Sammy and I joined a playgroup a couple months ago and thank God we did. Before making our friends at the playgroup I had little confidence in myself as a mother. I questioned everything, especially nursing. Was Sammy eating enough? Was I nursing too often? Was I doing it right? That first Monday afternoon when we joined the playgroup was one of the most eye-opening experiences of my life. I felt so happy to be walking into this room seeing tens of moms and babies. I was amazed and impressed to see nearly every mother nursing their babies. You know what? No two mothers nursed their babies in the same way.
Becoming a parent can be so overwhelming and confusing. There are literally thousands of parenting books, in fact, a search for "parenting" on Amazon brought up over sixty thousand results. What I have been privileged to learn through Sammy over the past four and a half months is that my best guide as a parent is my own instinct. My goal since Sammy arrived has been to learn his cues, to understand what he is asking for even though he can't speak words yet and I have to say, I'm impressed with how much I've learned.
Sammy eats about every three hours, but every once in a while he's ready to eat before then. At first I was confused: why is he doing his "hungry" cues so soon? But as soon as I get Sammy to my breast I hear him swallowing hungrily and I know that I've made the right decision.
The best aspect of the playgroup is the realization that I'm not crazy, these issues happen to all new moms. I was relieved to hear that nursing was not simple for anyone. Even the moms who were adamant about nursing before their little ones arrived admitted to being tempted by formula. Let's be honest: nursing can really be a pain. There is no way to ensure exactly how much your child is eating. There is no way anyone else can share the responsibility of feeding your child, if you're nursing it's just you and your baby.

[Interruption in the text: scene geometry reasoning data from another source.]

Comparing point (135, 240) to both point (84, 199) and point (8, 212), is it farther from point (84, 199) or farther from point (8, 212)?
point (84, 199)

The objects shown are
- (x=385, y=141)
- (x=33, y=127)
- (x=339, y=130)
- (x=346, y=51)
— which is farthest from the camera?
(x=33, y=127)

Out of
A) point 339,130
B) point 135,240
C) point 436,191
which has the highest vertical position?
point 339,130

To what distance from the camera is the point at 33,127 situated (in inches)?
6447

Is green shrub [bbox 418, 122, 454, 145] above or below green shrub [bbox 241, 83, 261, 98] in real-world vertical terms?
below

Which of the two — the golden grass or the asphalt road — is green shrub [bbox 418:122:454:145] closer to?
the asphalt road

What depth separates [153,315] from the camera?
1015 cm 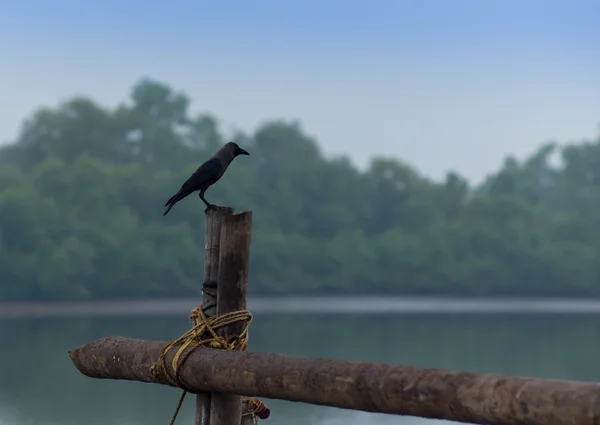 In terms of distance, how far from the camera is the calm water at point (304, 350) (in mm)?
23156

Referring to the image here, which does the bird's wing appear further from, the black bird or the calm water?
the calm water

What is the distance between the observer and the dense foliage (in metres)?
49.7

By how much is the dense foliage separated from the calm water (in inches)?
214

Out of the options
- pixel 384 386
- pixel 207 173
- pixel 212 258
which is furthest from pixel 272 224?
pixel 384 386

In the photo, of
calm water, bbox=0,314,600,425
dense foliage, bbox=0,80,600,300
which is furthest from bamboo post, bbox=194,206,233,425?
dense foliage, bbox=0,80,600,300

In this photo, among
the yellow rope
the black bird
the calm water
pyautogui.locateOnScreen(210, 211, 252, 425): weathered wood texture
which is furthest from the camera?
the calm water

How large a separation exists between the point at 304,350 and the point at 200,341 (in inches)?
1170

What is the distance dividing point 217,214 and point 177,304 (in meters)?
44.3

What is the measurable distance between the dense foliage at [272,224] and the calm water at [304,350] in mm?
5432

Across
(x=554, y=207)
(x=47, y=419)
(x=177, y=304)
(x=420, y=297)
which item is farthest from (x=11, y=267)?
(x=554, y=207)

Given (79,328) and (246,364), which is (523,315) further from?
(246,364)

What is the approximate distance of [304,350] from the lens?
110 ft

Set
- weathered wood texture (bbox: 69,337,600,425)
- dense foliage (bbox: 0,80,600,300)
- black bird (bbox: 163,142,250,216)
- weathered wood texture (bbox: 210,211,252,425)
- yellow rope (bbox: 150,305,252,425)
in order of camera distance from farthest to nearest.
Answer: dense foliage (bbox: 0,80,600,300) → black bird (bbox: 163,142,250,216) → weathered wood texture (bbox: 210,211,252,425) → yellow rope (bbox: 150,305,252,425) → weathered wood texture (bbox: 69,337,600,425)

Sammy is almost five months old and our nursing relationship has improved astronomically, but it is still a challenge. However, I feel so fulfilled in being able to use my body in such a meaningful way. With each feed Sammy and I grow more comfortable with each other. As he becomes more confident in my unwavering love and adoration I become more confident in him, and more importantly, myself.

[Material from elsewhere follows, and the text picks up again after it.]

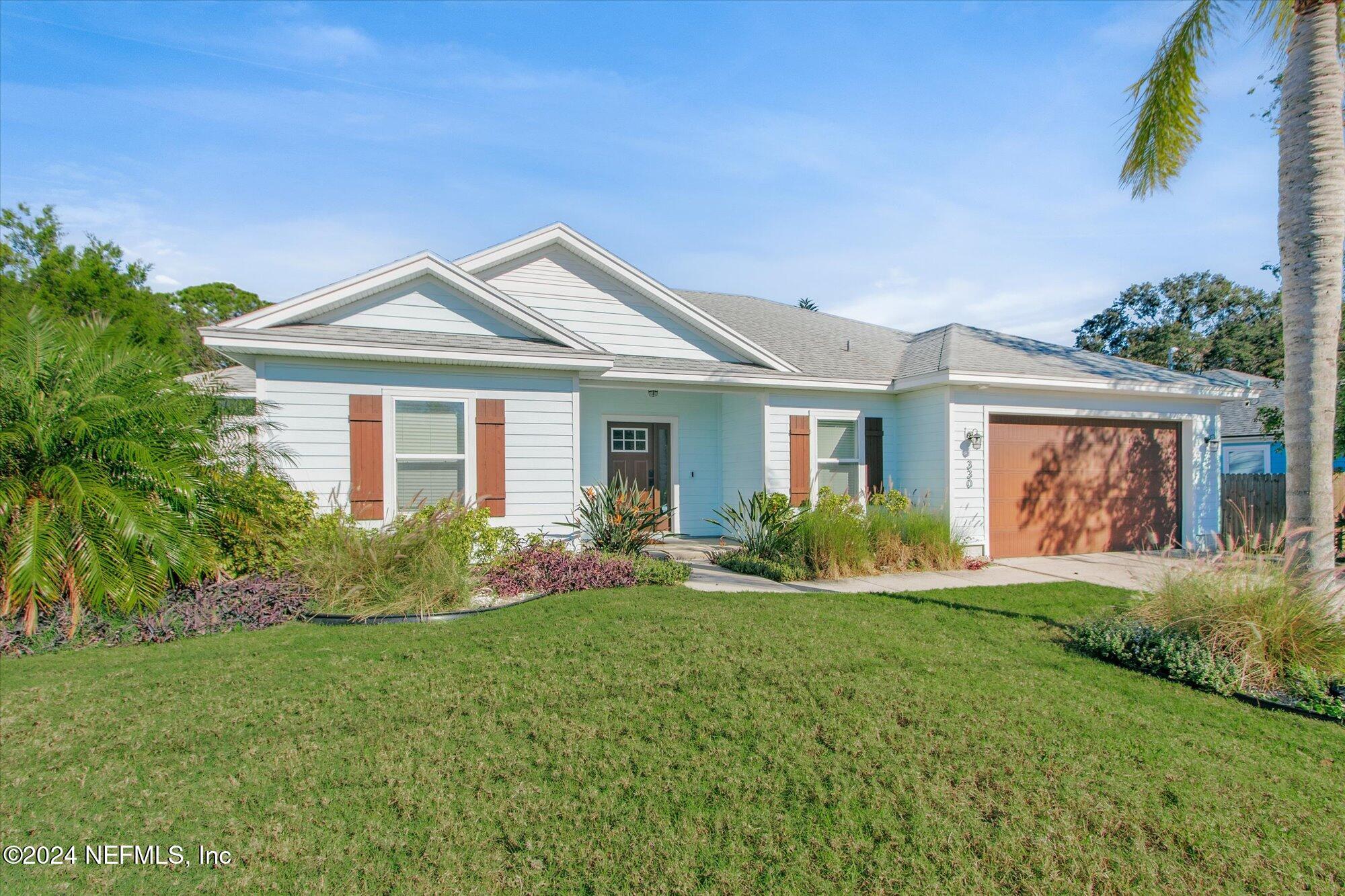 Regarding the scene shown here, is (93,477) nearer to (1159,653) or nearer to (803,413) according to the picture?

My new friends at playgroup have let me see the light at the end of what I now call "the three month tunnel." The first three months can be scary and new, but with the help of friends and community you will make it. With the help of the playgroup not only did my self-doubt disappear, it was replaced with confidence. I have become so aware of how well I know Sammy. I realized that Sammy isn't a baby, he's my son, he's Sammy. I hope you too are getting to know your own little one with the support of family and friends.